AWS Database Blog

Scale your relational database for SaaS, Part 1: Common scaling patterns

One of the challenges that software as a service (SaaS) providers face as their business grows is how to maintain their tenants’ experience. This includes ensuring acceptable performance and response times as the tenant base grows. Relational databases, such as Amazon Relational Database Service (Amazon RDS) and Amazon Aurora, are commonly used by SaaS providers. As the business grows, they must also decide how to scale the database.

Your challenge as a SaaS builder is to decide which scaling mechanism is right for your stage in your SaaS journey. As your application grows, you may need to change your database architecture when your existing solution no longer meets your needs. Implementing new technologies and architecture patterns can take focus away from driving growth and investing in your core business. Sometimes it’s more beneficial to optimize an existing architecture to keep the knowledge in your teams, rather than migrating to a new technology or architecture.

In this series, we provide guidance for SaaS providers who have an existing relational database and are looking for guidance on how to scale effectively. In Part 1, we explore the benefits of common relational database scaling patterns from a SaaS perspective, so that you can make an informed decision on a scaling approach that will fit your SaaS solution and serve as a starting point for deeper discovery.
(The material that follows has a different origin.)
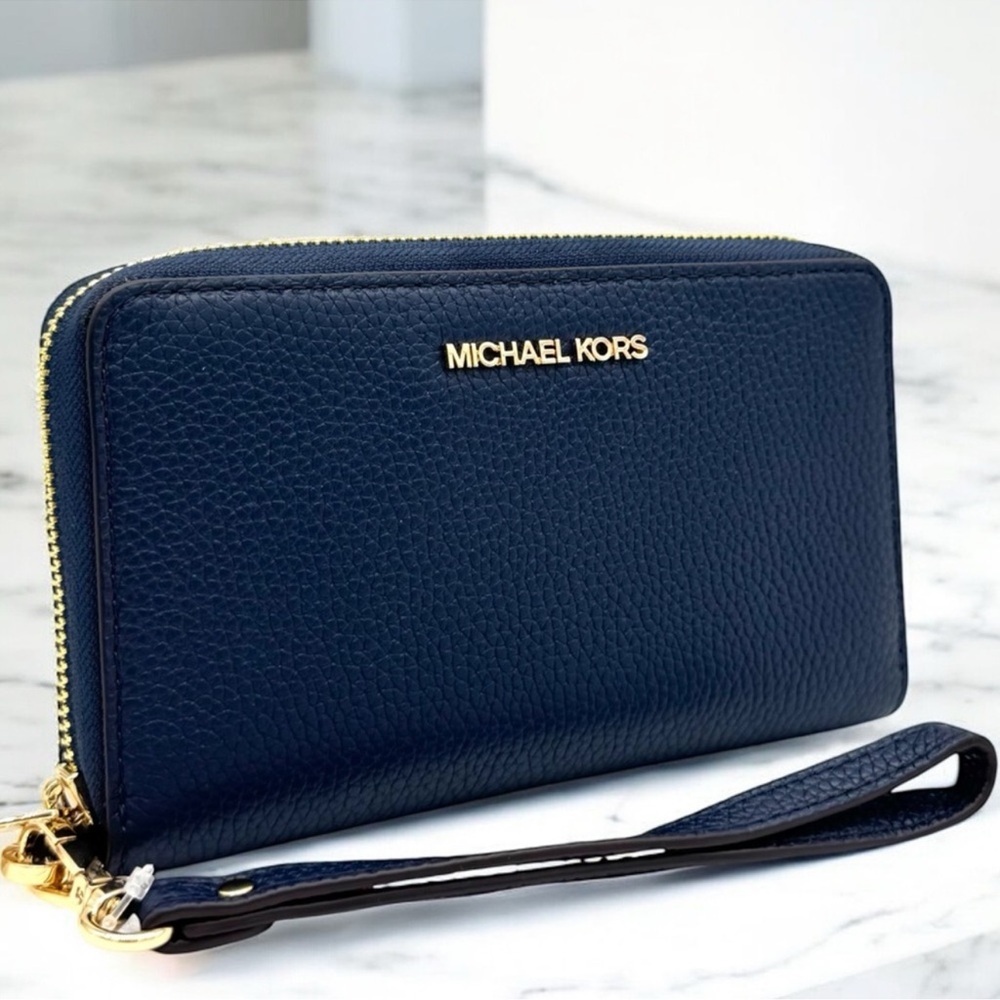 Michael Kors Large Jet Set Travel Flat MF Phone Case Wallet Navy Blue - Picture 3 of 8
In Part 2, we explore sharding and tenant routing.

Database scaling and SaaS partitioning models

Before we dive into database scaling, it’s important to understand SaaS data partitioning models. The three high-level SaaS partitioning models you can use are silo, bridge, and pool:

  • Silo model – Each tenant has their own physical resource, such as a database instance per tenant
  • Bridge model – Tenants share physical resources but have logical separation, such as a table or schema per tenant
  • Pool model – Tenants share the same physical and logical resource, for example a single shared table

A SaaS solution can support many tenants and their users’ data, and their data needs to scale as your business grows. A single database may eventually become a performance bottleneck, so you should understand what scaling options you have.
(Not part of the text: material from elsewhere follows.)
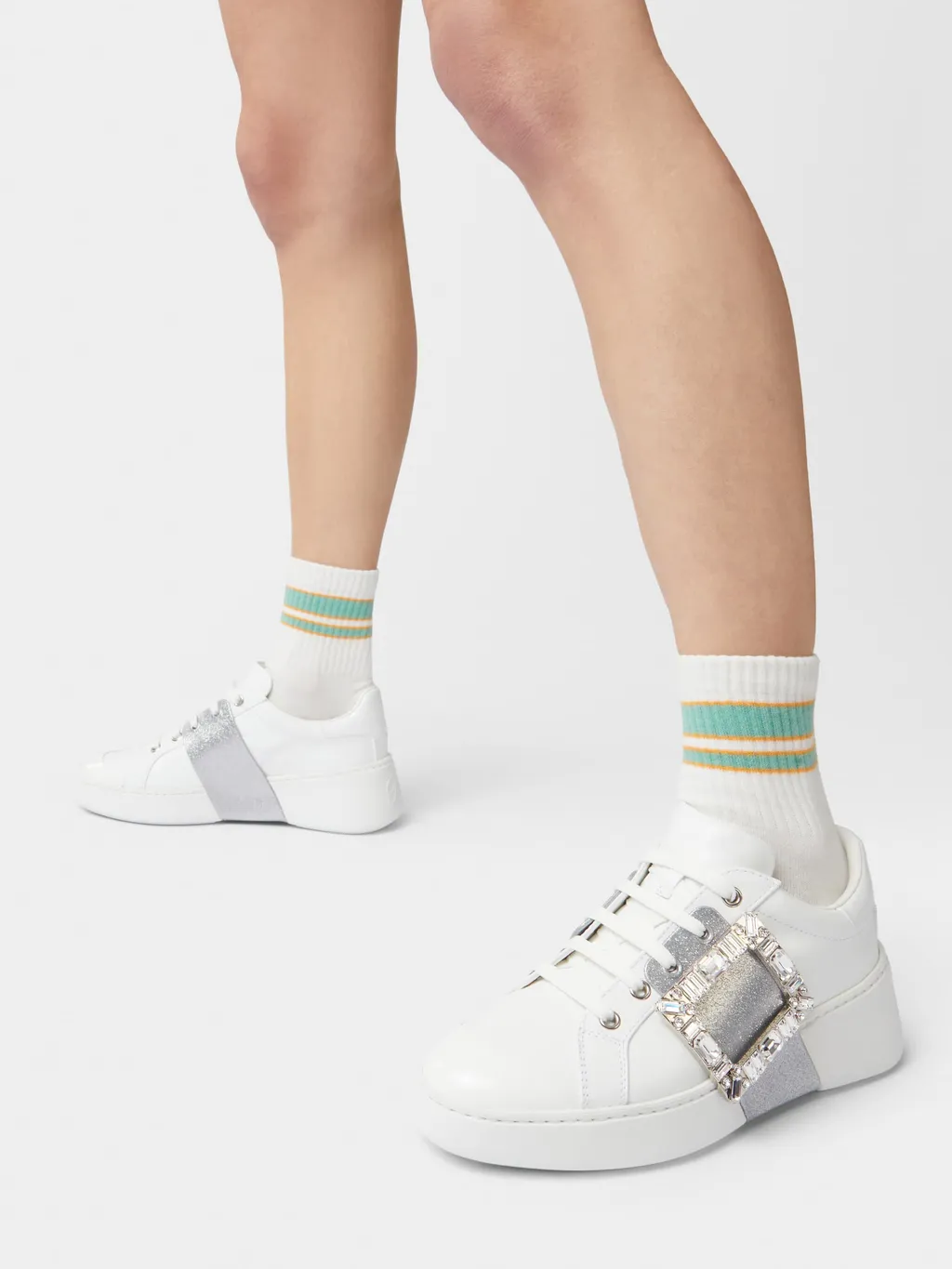 Viv' Skate Glitter Embellished Buckle Sneakers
Scaling your relational database can broadly fall into three categories:

A mix of scaling mechanisms will often deliver the best outcome, and some scaling patterns are more suitable for certain partitioning models and usage patterns. We investigate these differences throughout this series.
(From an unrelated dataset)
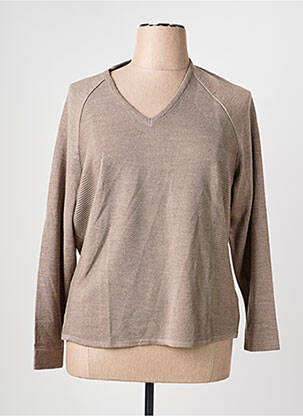 Pull tissage chiné manches longues gris PAUPORTÉ femme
Scaling your existing architecture with additional physical resources

Adding more physical resources is generally the first approach SaaS providers take when scaling relational databases. There are upper limits to how far you can grow your physical resources, but until that point, this is an effective way to scale your database without making architectural changes that would take resources away from core business goals, at the expense of higher infrastructure costs.

Scaling vertically

SaaS providers commonly choose vertical scaling as a first scaling approach. You provide more physical resources (CPU, memory, network), which lets you support more concurrent connections. You keep your existing partitioning model and scale your database in place without changing your connectivity configuration. With Amazon RDS, you can scale your resources vertically to any available instance size by selecting a new instance type. This restarts the instance, which includes some minimal downtime, but with Amazon Aurora Serverless v2, you can scale up and down without service interruption. This makes it a good choice for SaaS providers with variable database workloads.

For the silo model, there are no SaaS-specific differences compared to scaling in a non-SaaS application. However, in the bridge and pool models, you should assess the drivers for scaling and consider potential risks. Scaling to add more tenants will increase the area of impact for performance-impacting events, such as a noisy neighbor or infrastructure failure. Similarly, if scaling is required due to a single tenant impacting availability for other tenants, consider whether throttling tenant performance, or migrating such tenants to a silo database, will offer a better service and operational experience.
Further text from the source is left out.